Exercise brief → Repeat the records word for word, excluding any picture.

Data for review →
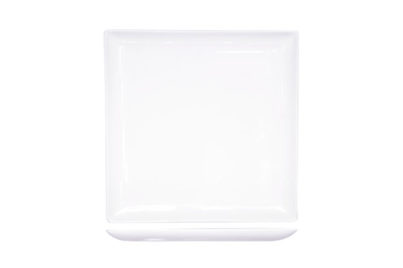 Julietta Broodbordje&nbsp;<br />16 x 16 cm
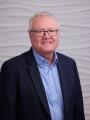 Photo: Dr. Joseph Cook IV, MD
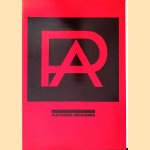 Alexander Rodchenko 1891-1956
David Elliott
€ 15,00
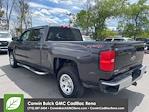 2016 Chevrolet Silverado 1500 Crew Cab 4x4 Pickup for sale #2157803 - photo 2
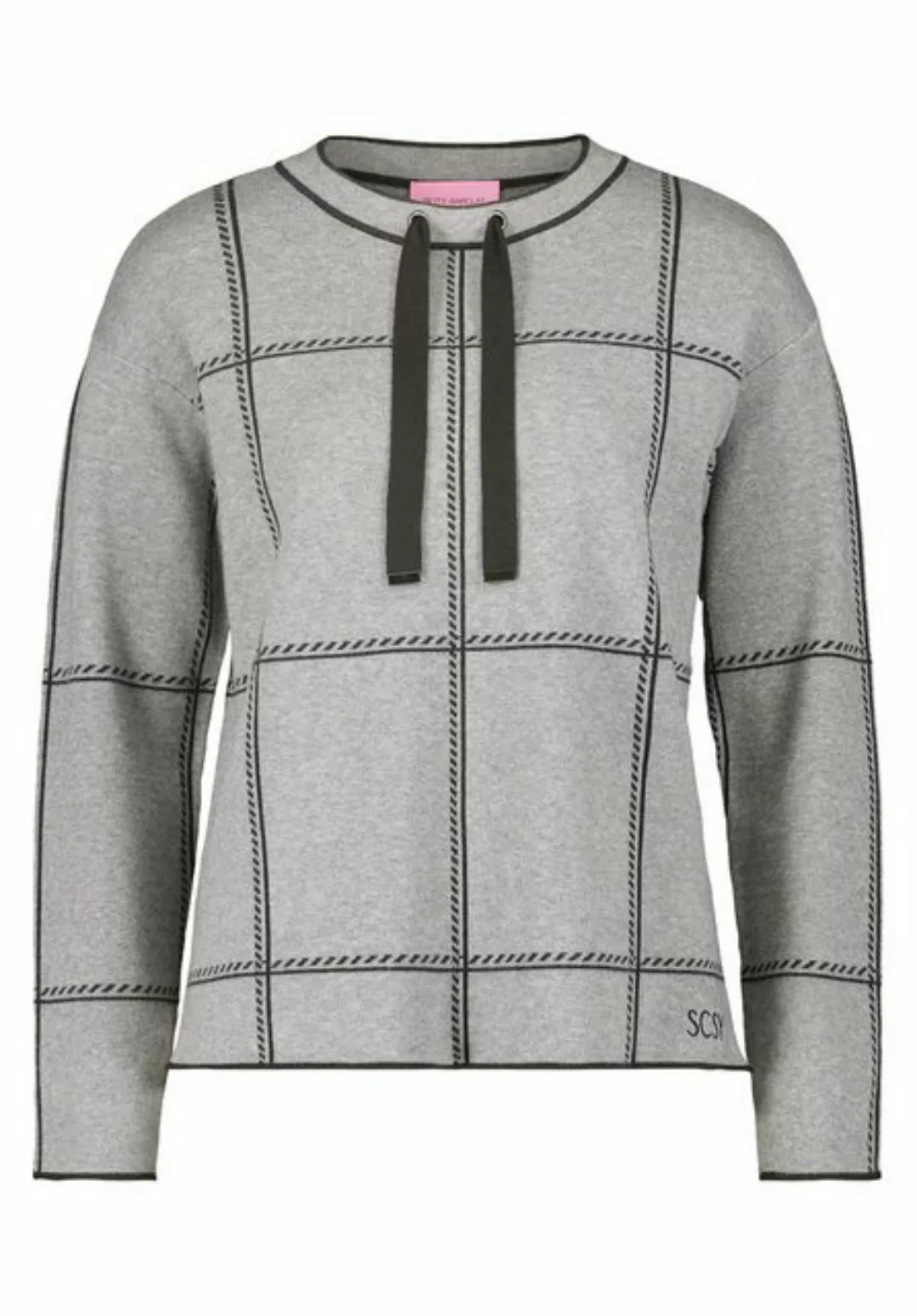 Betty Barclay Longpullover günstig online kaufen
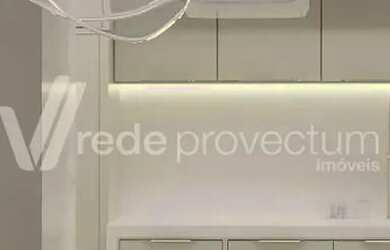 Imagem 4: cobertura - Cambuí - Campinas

Task solution →
 Julietta Broodbordje&nbsp;<br />16 x 16 cm
 Photo: Dr. Joseph Cook IV, MD
 Alexander Rodchenko 1891-1956
David Elliott
€ 15,00
 2016 Chevrolet Silverado 1500 Crew Cab 4x4 Pickup for sale #2157803 - photo 2
 Betty Barclay Longpullover günstig online kaufen
 Imagem 4: cobertura - Cambuí - Campinas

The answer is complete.